Media

Film's fine, enthusiasm's impressive

The Leader-Post (Regina) - april 24 2006

By Emmet Matheson
The Leader-Post

"I'm told it's the least Canadian thing you do," Michael Sparaga told a robust RPL Film Theatre audience at the Saturday night screening of Sidekick.

The screenwriter and producer was talking about self-promotion, something he's become an expert in over the last month, as he, director Blake Van De Graaf, and lead actors David Ingram and Perry Mucci have taken their film across Canada with the goal of building a Canadian audience for a Canadian movie.

It's a confoundedly more Quixotic aim than it should be. As both Sparaga and Van De Graaf told the audience, there's no precedent for theatrical success of Canadian movies in Canada. English Canadian films typically account for about one per cent of Canadian box office revenues, In Quebec, by comparison, one in four films seen in theatres in 2004 were produced locally. Teen sexploitation comedy Porky's held the domestic box office record for nearly two decades until 2001's curling comedy Men With Brooms won the homegrown bonspiel.

While Canadian filmmakers like Guy Maddin, Atom Egoyan and David Cronenberg have brought critical attention to Canadian art house cinema, and Canadians like Ivan Reitman, Norman Jewison and Paul Haggis have become major players in Hollywood, Canadian-made films just don't play in Canada. While Sidekick, made for $35,000 (supplied by Sparaga's credit cards), may not shatter that long-held "cultural cringe", it certainly chips away at it.

Norman Neal (Mucci) is an archetypal geek. From a closet he shares with a photocopier, he's the nigh invisible one-man IT department for a Toronto investment firm. He spends most of his free time talking superheroes with Chuck (Daniel Baldwin) at the comic shop. When he sees an arrogant coworker, Victor Ventura (Ingram), display telekinetic abilities, Norman sets out to train the reluctant Victor to become a superhero.

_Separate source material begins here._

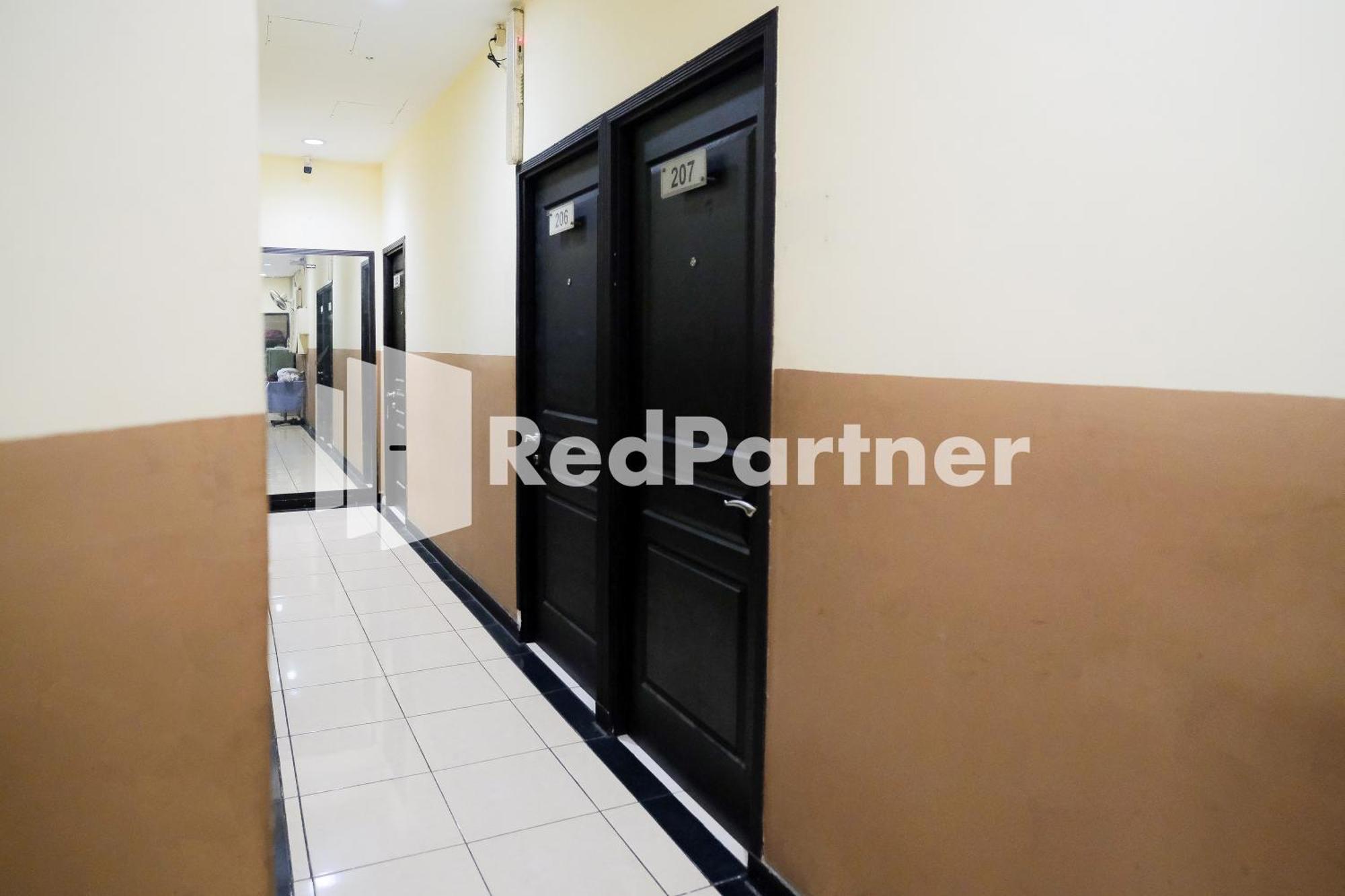 Reddoorz At Sparkling Hotel Surabaya Exterior photo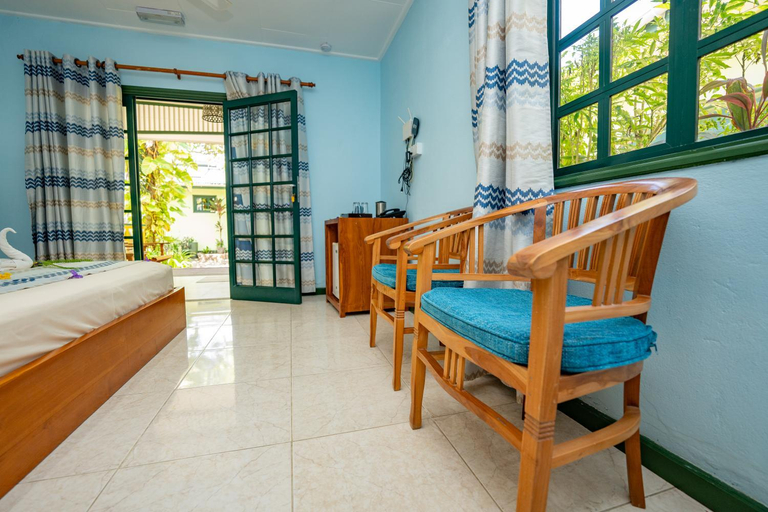Bedroom 2, Pension Michel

Victor, however, is more interested in using his developing superpowers to get free booze and humiliate others than in rescuing cats from trees or other noble pursuits. Pressed on by Chuck, who thinks Norman is merely writing a comic book rather than living one, Norman tries to impart some compassion onto Victor in an attempt to get him to live up to Norman's heroic ideal. "It's not a cliche," Chuck says. "It's FORMULA -- and it works."

It may work in comic book cities like Metropolis or the Marvel Comics version of New York City, where, the saying goes, "with great power there must also come great responsibility." But this is Toronto and despite one night of quintessentially Canadian crimefighting, Victor's sense of responsibility begins and ends with Victor.

Without giving away too much of the plot, the film ends where most superhero flicks would begin. Van De Graaf proudly noted that his $35,000 87-minute film would be "a five-minute flashback you see in most $60 million superhero movies."

While you'd never confuse the production values of Sidekick with those of a multimillion-dollar blockbuster, it's a perfectly functional popcorn flick that charmingly melds the superhero movie clich -- er, formula with the sensibilities of workplace comedies like Mike Judge's Office Space or Gary Burns's paean to Calgary office towers, Waydowntown. Mucci's Jimmy Olsen-esque Norman deftly rides the line between sympathetic and, well, pathetic. Ingram tempers Victor's Torontonian swagger with moments that uncannily recall Christopher Reeve's Superman.

Most impressive, however, was the unbridled enthusiasm the cast and crew have shown for the film.

Sparaga, in particular, has an infectious and inspiring zeal. While it's impossible to predict whether or not his efforts to bring Canadian movies and Canadian moviegoers together will usher in a new era of Canuck cinematic populism, he certainly makes it seem feasible.